Por isso morrem por ano 8,8 milhões de pessoas devido â poluição do ar.

Como se distribui no mundo?

As 10 cidades menos sustentáveis do mundo Ásia (40 %), América do Norte (30 %), América do Sul (10 %),
África (10 %) e Oceania (10 %):

40

35

30

25

20

15

10

5

0

Hanói

Kuala Lumpur

O Cairo

Bangkok

Lima

Jakarta

Indianápolis

Perth

Houston

Tampa

Principais causas

O rápido crescimento das urbes nos países menos desenvolvidos; o aumento da migração do campo para a cidade; a maior concorrência pelos recursos naturais, como a terra e a água; a falta de fundos para prestar serviços básicos; e a deterioração das infraestruturas.

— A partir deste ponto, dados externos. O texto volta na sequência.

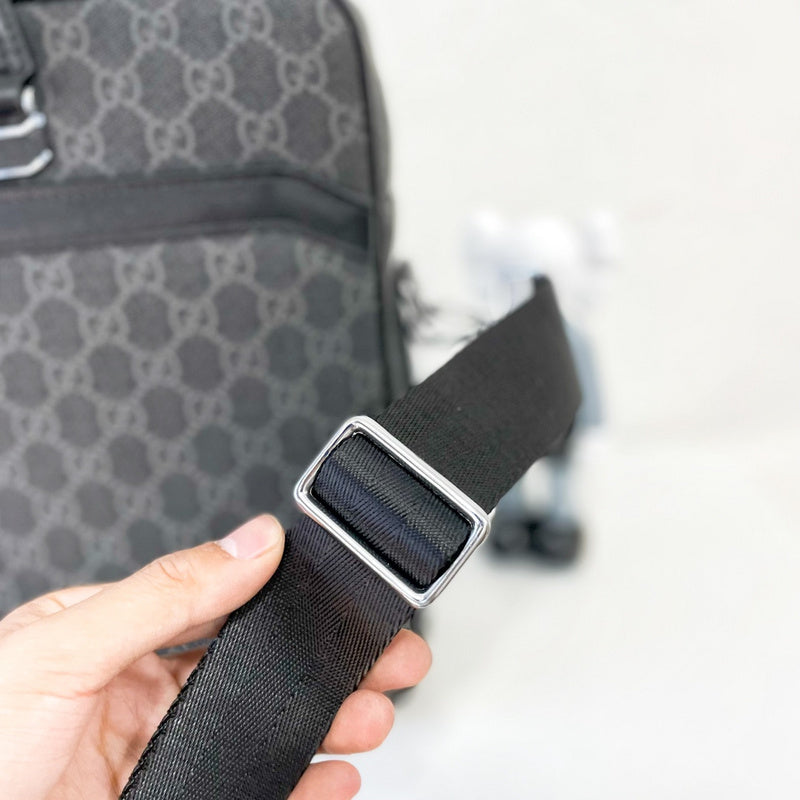 Ozarra - GCI Bags - 2232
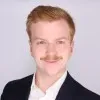 Luke Morton
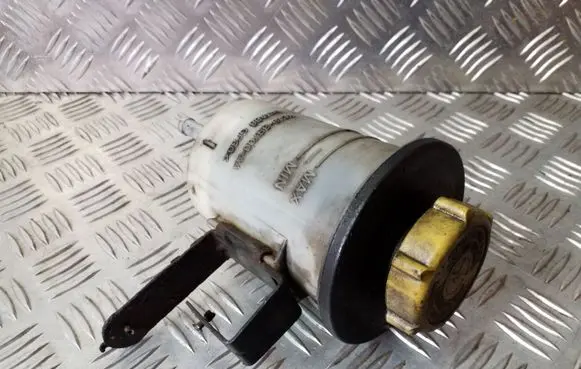 Ford Transit Power steering fluid tank/reservoir YC153R700AA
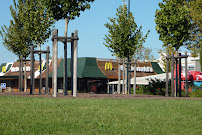 Photos du propriétaire du Restauration rapide McDonald's 7 Collines à Nîmes - n°2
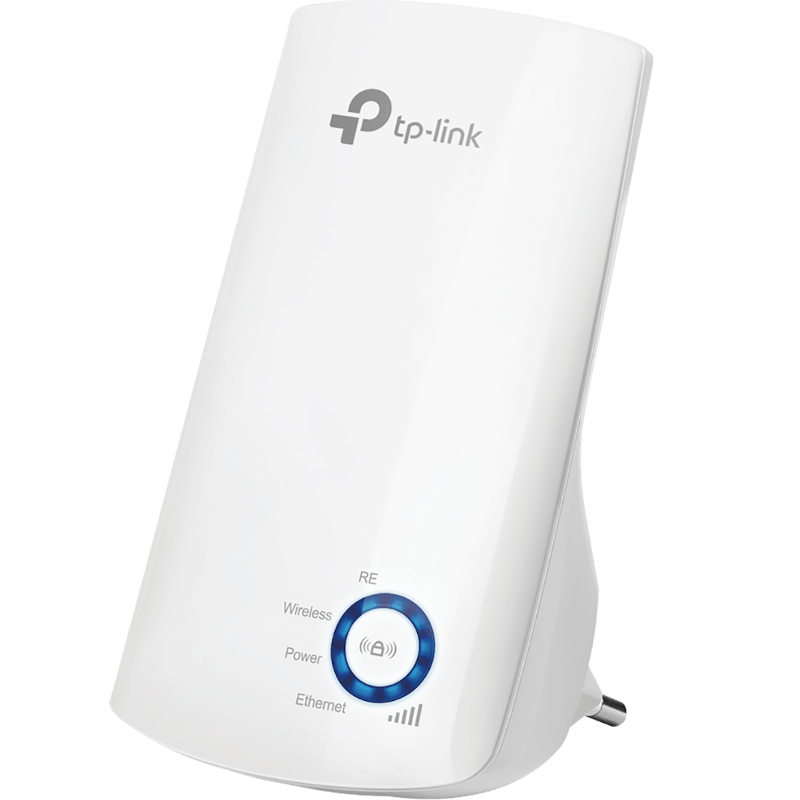 Wzmiacniacz WiFi TP-LINK TL-WA850RE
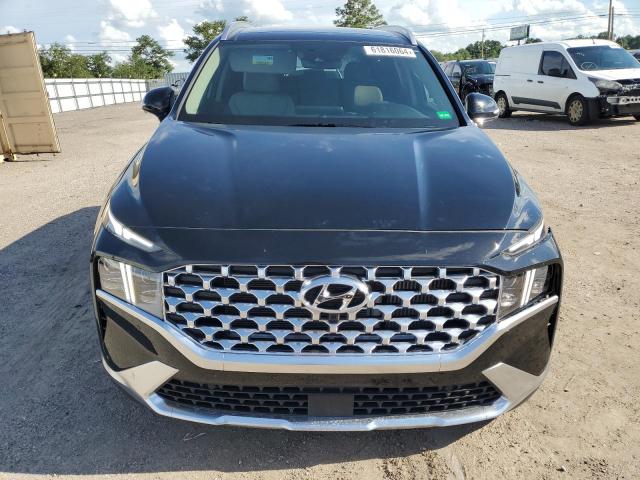 2023 HYUNDAI SANTA FE L - 5NMS44AL2PH559945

Como podemos acabar com ela?

Devemos garantir o acesso a moradia segura e acessível; temos que melhorar os
assentamentos marginais; é necessário investir em transporte público; criar áreas públicas verdes; e implantar medidas para que o planejamento e a gestão urbana sejam participativos e inclusivos.

 

 VER INFOGRÁFICO: Fatores-chave para entender a sustentabilidade urbana [PDF]

METAS DO ODS 11: CIDADES E COMUNIDADES SUSTENTÁVEIS

As metas concretas fixadas para o ano 2030 são:

  • Garantir o acesso a moradia e serviços básicos adequados, seguros e a preço acessível.
  • Proporcionar acesso a sistemas de transporte seguros, acessíveis, sustentáveis e a preço acessível para todos, melhorando especialmente o transporte público.
  • Aumentar a urbanização inclusiva e sustentável.
  • Proteger e salvaguardar o patrimônio cultural e natural mundial.
  • Conseguir uma gestão sustentável e o uso eficiente dos recursos naturais.
  • Proporcionar acesso universal a áreas verdes e espaços públicos seguros, inclusivos e acessíveis.